Even if Horn were to be Rascoe's superior, he is not liable by that fact alone. Under the federal constitution, supervisors are not always liable for constitutional violations by their subordinates. Defendants in civil rights actions are only liable if the plaintiff can prove actual participation or acquiescence in the deprivation of the rights at issue.See Rode v. Dellarciprete, 845 F.2d 1195, 1207 (3d Cir. 1988). Here, Plaintiff only alleges that he had written a letter to Horn, stating that he had yet to receive his property and that Rascoe later destroyed the property. Plaintiff has not alleged any fact that would sustain a reasonable inference that receipt of the letter constituted participation or acquiescence in the plaintiff's loss of property. Therefore, Plaintiff's due process claim against Horn is dismissed.
Plaintiff's due process claim against Rascoe can only survive if Rascoe is considered a state actor for purposes of § 1983. As evidence of this, Plaintiff alleges that the D.O.C. has day to day control over Rascoe, that Rascoe has to follow D.O.C. Procedures, and that Rascoe fills out D.O.C. forms at the D.O.C.'s request. In response, Rascoe only states that he is not a state actor. Taking the facts in the light most favorable to Plaintiff, one cannot conclude at this juncture that Rascoe is not a state actor.
Nevertheless, Plaintiff's due process claim against Rascoe must be dismissed because he has an adequate state court remedy. The Supreme Court has held that "intentional destruction of property by a state employee does not violate due process if the state provides a meaningful postdeprivation remedy." Hudson v. Palmer, 468 U.S. 517, 530 (1984). Plaintiff has the right to bring a state civil action against Rascoe for the alleged destruction of property. See Bernhardt v. Needleman, 705 A.2d 875, 878 (Pa.Super. 1997) (stating that a party can recover damages when someone deprives him of the right to property without lawful justification).
Rascoe alleges that he is not a state actor. However, as the possibility exist that Rascoe may be entitled to sovereign immunity based on his connection to the D.O.C., this dismissal will be without prejudice to Bennett reasserting his federal claim if the Pennsylvania state courts hold that Rascoe is immune from suit. See 1 Pa.
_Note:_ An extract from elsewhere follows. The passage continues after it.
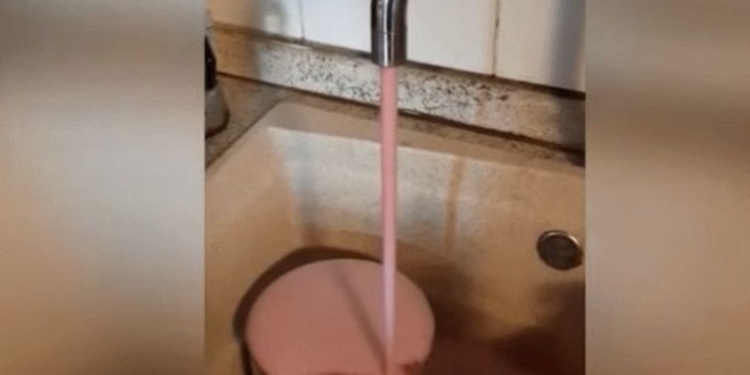 В итальянской деревне из кранов полилось местное вино (ВИДЕО)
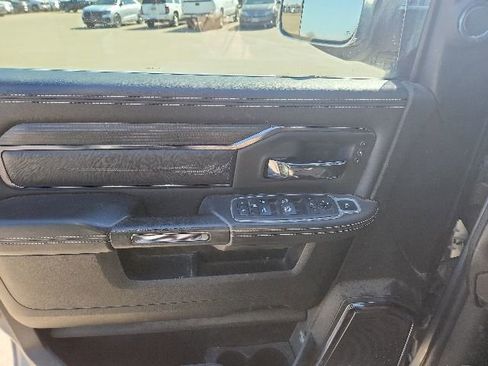 Used 2022 RAM 2500 Limited AWD/4WD image 35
C.S.A. § 2310 (stating that state employees acting in their official capacities are immune from suit).
An appropriate Order follows.
ORDER
AND NOW, this ___ day of August, 2001, it is hereby ORDERED that Martin Horn's Motion to Dismiss (Docket # 12) and Kelly Rascoe's Motion to Dismiss (Docket #13) are GRANTED. It is further ORDERED that Warren Bennett's Motions for Default (Docket #20, 21) are DENIED as moot.
The Complaint is DISMISSED without prejudice to Plaintiff refiling his due process claim against Kelly Rascoe if the Pennsylvania state courts determine Kelly Rascoe is entitled to sovereign immunity from Plaintiff's suit.